Shen Xin: but this is the language we met in

2024.01.20-2024.03.31

  • Location:
    Richmond Art Gallery, Richmond, Canada
  • Artist:

Richmond Art Gallery is proud to present Chinese artist Shen Xin’s haunting debut exhibition in Canada. At its heart is a poetic new work called but this is the language we met in, the first film in a forthcoming series with the overarching title of Grounds of Coherence. With this project accompanied by four small paintings, the artist deepens their ongoing engagement with what they describe as “ways of coming to knowing, and the ecosystems of languages.”

This experimental video’s wide-ranging imagery and multifaceted soundscape is permeated with the artist’s apparent yearning to unearth language in its most primal forms. Shen uses the tree in particular as an embodied example of these “ecosystems of language.” Sensory images of trees in their natural and processed states are interspersed throughout the video: the rough texture of mottled bark, crisscrossing branches, flames leaping from a pile of logs, a shaft of light sliding across a wall’s smooth wood-paneled surface, a shingled rooftop.

For Shen, language is often deeply embodied, at times employing the voice, the gaze, gestures, facial expressions, laughter, sometimes the entire body, as with dance. The video evokes how certain aspects of language persist while others have changed, underscoring the ameliorations and limitations of contemporary communication: a finger clumsily tracing written characters on a computer screen, voices sounding out words in Arabic and Uyghur accompanied by subtitles, the enduring need for translation for comprehension to occur, the collective chanting of voices raised in protest at a demonstration, a conversation between two people who share a common language though not a mother tongue, the telling of stories and the singing of songs.

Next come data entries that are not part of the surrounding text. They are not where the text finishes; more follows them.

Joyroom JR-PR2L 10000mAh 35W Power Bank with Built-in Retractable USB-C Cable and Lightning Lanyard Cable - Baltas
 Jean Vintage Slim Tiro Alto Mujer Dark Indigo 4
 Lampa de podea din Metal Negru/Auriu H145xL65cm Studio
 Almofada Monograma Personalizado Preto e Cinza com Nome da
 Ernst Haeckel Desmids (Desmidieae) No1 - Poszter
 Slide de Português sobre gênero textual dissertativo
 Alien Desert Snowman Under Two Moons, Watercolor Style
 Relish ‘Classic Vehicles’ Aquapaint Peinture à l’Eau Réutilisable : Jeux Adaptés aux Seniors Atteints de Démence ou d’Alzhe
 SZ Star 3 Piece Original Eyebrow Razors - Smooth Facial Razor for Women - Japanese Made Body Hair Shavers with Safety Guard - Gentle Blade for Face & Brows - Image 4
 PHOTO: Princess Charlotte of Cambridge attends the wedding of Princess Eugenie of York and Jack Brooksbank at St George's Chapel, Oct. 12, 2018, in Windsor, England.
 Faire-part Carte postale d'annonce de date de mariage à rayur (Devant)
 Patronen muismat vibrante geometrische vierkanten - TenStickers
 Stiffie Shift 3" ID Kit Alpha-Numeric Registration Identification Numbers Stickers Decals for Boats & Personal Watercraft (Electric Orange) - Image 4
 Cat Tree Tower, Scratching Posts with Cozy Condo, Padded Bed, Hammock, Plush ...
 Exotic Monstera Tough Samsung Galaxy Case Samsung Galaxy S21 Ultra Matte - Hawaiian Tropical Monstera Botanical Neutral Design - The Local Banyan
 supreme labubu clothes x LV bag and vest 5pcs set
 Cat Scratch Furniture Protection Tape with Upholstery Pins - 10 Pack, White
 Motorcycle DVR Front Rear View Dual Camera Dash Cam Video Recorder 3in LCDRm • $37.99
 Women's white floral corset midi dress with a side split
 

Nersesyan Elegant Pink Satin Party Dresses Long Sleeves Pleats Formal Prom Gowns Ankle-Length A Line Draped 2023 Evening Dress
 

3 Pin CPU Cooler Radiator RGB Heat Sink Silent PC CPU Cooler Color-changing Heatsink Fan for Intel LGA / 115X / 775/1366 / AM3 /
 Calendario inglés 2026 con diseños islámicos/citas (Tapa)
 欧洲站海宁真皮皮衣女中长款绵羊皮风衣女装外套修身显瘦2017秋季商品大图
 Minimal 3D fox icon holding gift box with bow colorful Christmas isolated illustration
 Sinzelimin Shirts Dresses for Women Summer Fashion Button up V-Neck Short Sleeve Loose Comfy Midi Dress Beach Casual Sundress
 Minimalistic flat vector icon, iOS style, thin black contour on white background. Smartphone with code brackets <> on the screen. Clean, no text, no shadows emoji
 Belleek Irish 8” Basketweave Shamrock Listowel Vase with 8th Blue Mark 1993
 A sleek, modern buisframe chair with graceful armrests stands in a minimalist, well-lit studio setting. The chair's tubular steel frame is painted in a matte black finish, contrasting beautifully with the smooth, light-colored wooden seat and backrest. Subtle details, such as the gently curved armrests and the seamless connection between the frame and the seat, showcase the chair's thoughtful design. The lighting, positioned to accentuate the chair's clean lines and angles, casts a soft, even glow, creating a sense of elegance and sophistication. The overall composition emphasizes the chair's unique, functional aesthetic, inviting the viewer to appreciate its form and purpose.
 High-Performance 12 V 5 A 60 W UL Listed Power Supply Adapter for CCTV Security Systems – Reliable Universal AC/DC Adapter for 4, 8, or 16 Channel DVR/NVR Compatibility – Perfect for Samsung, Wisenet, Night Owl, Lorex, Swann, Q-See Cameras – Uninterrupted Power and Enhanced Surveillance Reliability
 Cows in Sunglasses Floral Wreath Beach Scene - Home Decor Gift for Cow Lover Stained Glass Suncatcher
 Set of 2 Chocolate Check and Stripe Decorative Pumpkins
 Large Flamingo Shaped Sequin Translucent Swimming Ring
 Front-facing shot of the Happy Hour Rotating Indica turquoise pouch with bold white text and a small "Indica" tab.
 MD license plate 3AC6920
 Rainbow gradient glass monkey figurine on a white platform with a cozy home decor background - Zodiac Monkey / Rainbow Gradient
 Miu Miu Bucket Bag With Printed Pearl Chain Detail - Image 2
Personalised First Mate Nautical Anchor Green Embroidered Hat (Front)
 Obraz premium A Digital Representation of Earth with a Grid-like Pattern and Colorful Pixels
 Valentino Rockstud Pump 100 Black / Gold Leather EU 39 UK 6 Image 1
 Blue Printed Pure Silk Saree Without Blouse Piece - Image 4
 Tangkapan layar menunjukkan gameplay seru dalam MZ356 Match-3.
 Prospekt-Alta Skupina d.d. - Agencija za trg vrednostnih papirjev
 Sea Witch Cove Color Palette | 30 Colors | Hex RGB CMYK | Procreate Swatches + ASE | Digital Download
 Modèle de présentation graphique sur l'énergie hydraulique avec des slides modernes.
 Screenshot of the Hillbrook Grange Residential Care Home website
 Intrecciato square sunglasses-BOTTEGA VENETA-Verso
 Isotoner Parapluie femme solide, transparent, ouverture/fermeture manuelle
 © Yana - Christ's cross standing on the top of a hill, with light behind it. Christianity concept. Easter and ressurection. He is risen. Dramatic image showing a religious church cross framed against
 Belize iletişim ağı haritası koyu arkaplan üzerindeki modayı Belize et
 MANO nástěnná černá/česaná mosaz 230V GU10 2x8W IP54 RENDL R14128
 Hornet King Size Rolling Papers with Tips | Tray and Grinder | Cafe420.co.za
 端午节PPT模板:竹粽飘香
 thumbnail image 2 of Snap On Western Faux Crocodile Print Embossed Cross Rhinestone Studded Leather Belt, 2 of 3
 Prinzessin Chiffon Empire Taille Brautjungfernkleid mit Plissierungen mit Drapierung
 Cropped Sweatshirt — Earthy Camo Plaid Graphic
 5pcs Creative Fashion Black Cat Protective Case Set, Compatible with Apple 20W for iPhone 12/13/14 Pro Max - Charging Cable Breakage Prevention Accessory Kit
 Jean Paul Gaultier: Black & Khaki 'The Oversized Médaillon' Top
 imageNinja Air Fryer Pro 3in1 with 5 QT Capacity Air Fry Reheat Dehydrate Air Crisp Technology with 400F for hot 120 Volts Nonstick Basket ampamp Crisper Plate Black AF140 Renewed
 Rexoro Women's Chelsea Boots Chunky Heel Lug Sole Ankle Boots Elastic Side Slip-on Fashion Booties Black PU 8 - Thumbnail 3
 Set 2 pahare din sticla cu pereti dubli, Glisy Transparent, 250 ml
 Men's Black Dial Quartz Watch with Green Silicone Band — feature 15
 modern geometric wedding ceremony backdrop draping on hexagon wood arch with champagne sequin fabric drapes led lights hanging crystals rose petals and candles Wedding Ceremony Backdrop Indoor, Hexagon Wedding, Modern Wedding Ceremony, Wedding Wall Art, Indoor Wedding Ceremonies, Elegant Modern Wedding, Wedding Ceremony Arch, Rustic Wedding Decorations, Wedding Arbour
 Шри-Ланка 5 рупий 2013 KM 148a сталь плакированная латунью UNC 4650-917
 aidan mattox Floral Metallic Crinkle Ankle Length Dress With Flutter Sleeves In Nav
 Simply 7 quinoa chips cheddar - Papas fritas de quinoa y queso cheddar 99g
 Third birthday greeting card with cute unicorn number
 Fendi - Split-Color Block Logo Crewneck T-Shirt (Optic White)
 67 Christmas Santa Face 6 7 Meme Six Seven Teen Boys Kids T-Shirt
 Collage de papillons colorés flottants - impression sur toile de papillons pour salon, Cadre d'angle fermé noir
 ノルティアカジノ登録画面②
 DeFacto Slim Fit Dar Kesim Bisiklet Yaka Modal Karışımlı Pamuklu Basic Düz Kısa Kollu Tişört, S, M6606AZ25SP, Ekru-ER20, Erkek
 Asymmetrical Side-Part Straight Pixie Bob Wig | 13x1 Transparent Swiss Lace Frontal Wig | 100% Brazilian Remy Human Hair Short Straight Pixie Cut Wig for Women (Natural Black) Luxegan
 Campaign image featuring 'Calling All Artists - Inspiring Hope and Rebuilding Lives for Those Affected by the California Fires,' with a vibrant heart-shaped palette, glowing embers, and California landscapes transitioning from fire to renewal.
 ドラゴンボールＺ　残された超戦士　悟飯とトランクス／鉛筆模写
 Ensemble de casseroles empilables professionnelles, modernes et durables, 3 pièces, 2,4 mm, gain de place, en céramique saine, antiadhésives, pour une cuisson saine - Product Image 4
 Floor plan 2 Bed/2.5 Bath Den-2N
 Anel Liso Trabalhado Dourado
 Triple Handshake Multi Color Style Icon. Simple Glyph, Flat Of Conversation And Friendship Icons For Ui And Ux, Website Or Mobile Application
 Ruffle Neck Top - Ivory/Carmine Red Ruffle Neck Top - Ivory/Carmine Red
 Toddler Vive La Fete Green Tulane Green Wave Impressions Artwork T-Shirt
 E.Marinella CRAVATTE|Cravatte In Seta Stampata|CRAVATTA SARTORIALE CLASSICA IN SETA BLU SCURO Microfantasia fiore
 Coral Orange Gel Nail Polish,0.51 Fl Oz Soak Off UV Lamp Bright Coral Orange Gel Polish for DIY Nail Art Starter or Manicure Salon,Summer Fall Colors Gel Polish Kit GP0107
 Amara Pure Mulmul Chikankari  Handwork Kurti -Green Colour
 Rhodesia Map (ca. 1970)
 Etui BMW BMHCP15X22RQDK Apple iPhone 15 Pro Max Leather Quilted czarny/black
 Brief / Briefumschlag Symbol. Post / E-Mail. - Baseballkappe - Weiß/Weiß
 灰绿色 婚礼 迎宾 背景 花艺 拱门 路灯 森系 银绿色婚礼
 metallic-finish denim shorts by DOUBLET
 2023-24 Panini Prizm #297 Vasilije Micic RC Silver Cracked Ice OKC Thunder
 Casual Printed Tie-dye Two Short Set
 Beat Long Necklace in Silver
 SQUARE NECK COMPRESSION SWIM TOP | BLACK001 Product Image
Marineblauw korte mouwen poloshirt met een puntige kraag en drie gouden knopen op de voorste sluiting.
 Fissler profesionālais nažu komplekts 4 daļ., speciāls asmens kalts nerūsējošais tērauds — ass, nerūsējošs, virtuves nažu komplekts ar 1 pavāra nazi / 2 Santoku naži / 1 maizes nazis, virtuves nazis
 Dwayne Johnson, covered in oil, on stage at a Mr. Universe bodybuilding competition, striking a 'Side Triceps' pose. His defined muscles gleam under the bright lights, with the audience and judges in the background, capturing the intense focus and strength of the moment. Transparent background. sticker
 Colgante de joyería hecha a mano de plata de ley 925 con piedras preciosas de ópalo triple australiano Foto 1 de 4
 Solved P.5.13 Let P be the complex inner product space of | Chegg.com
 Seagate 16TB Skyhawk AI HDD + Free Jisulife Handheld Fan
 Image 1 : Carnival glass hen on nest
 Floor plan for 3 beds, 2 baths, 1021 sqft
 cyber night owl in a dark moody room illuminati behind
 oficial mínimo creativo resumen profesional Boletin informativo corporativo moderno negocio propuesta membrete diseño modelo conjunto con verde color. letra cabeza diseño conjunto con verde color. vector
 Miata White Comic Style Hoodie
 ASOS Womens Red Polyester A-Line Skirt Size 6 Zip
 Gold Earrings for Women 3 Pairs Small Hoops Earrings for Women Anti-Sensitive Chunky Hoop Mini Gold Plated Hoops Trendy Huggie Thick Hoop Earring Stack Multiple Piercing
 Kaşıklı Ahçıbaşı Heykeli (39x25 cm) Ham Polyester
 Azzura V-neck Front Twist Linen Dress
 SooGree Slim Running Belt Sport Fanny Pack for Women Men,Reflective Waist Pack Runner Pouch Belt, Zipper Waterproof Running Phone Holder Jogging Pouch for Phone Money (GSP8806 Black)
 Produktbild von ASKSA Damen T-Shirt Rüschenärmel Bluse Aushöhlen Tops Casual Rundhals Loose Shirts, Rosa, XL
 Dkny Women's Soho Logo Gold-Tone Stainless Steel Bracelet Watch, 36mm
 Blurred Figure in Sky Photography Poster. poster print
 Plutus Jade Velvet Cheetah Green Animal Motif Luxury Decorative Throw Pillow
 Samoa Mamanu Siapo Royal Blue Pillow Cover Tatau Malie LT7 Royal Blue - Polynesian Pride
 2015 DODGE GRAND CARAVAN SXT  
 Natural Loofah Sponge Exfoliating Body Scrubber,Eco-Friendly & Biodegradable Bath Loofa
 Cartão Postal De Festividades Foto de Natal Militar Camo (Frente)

Language is never a solitary endeavour for Shen Xin. The repeated clarion calls of “everybody protect each other” and “solidarity is strength” signal the artist’s insistence on the ongoing necessity to connect with friends and relations, across nationalities, geographical borders, and political ideologies, through time toward our ancestors—and ultimately, to the ecosystems to which we belong. As Shen writes, “I believe the fact that we are part of the ecosystem comes first…it is the grounds for everything in my embodied experience.”